I'm having some difficulty coming up with the appropriate data structure to use for a game.
I'm aiming for a galaxy view with tens of thousands of visitable star systems.
Hierarchically, each star system can contain one or more of the following:
- Planets [and their moons]
- Asteroid Belts
- Megastructures [and their moons/sub-structures]
All of the above can have "points of interest" [POI] eg a station in low orbit, a surface resource node, a docking bay.
I don't particularly care about physical location within a system beyond knowing its order in the hierarchy (I'll be showing a list of locations, rather than trying to render them in 3D space). So I can treat all objects within a system as located at the star for the pursposes of calculation.
I do, however, need a way to specify routes from any Planet/AsteroidBelt/Moon/Megastructure/POI to any other. I also need to be able to search for other locations meeting certain criteria [both to offer as destinations in the UI and to handle rendering].

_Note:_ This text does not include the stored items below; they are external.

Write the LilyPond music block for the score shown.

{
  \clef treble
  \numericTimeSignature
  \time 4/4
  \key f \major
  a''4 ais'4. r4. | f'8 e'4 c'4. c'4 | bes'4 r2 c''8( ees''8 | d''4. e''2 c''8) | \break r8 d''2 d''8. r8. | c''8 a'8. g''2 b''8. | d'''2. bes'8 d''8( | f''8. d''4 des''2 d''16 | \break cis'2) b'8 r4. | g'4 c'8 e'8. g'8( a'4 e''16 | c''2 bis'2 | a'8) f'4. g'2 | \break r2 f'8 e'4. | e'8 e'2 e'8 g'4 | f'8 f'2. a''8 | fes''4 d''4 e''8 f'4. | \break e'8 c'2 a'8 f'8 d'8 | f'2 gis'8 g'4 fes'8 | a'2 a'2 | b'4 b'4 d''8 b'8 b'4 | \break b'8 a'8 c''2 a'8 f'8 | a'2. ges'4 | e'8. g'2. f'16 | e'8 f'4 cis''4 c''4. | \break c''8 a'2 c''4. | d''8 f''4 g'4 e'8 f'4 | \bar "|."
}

Each type of location will have some unique properties (Asteroid belts have resource distributions, for example whereas planets ave atmospheres) but they also have lots of common properties (inventory, owner, comms network node id, etc).
Ideas so far
Obviously, with the numbers I'm considering I need to take a sparse/lazy generated approach. Currently the galaxy is built entirely in the GPU and stars are only presented to the CPU when the user first clicks on them.

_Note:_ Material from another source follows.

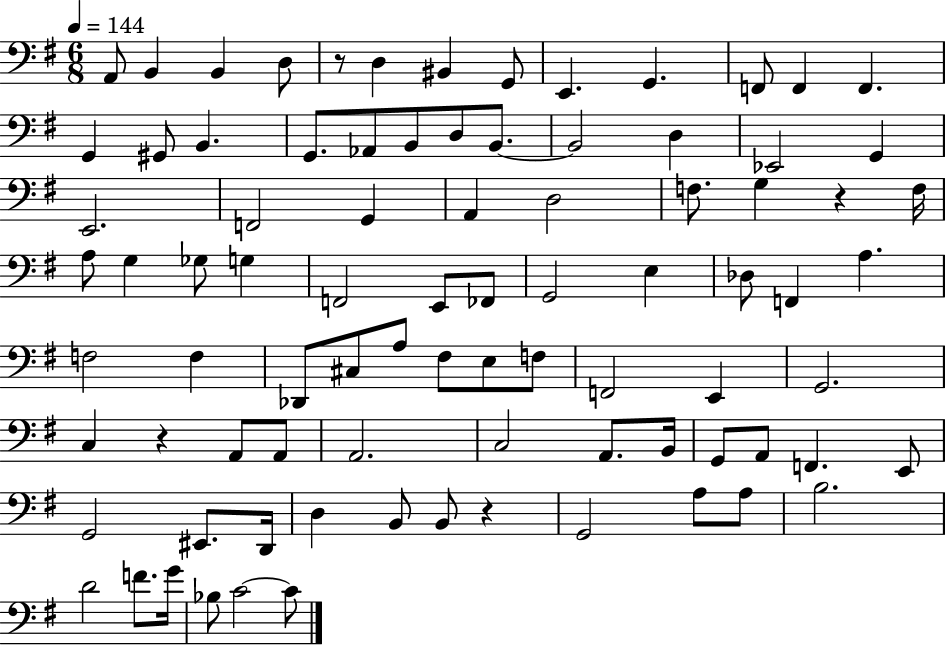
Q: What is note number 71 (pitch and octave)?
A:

That lends itself nicely to a hierarchical data structure with a load-on-first-access approach. Click on a star and it's added to the list, so the name is saved. Scan/visit it and I'll generate the system contents.
Unfortunately, I also need to be able to search across all generated locations efficiently (given an ID, find the star system coordinates, find planets with an atmosphere like X, find any location with X in its inventory) in a potentially huge search space.
That doesn't align with recursively walking up/down trees.
I considered using a heirarchy and manually maintaining a number of separate indices to speed up searching. It's doable but a pain and error-prone. It also feels like one of those solutions where I'm going to keep finding one more type of query I need to support and before long I'm trying to implement a minimal database.
Speaking of which I also need to persist this data at some point. Currently I'm serializing to a densely packed binary blob.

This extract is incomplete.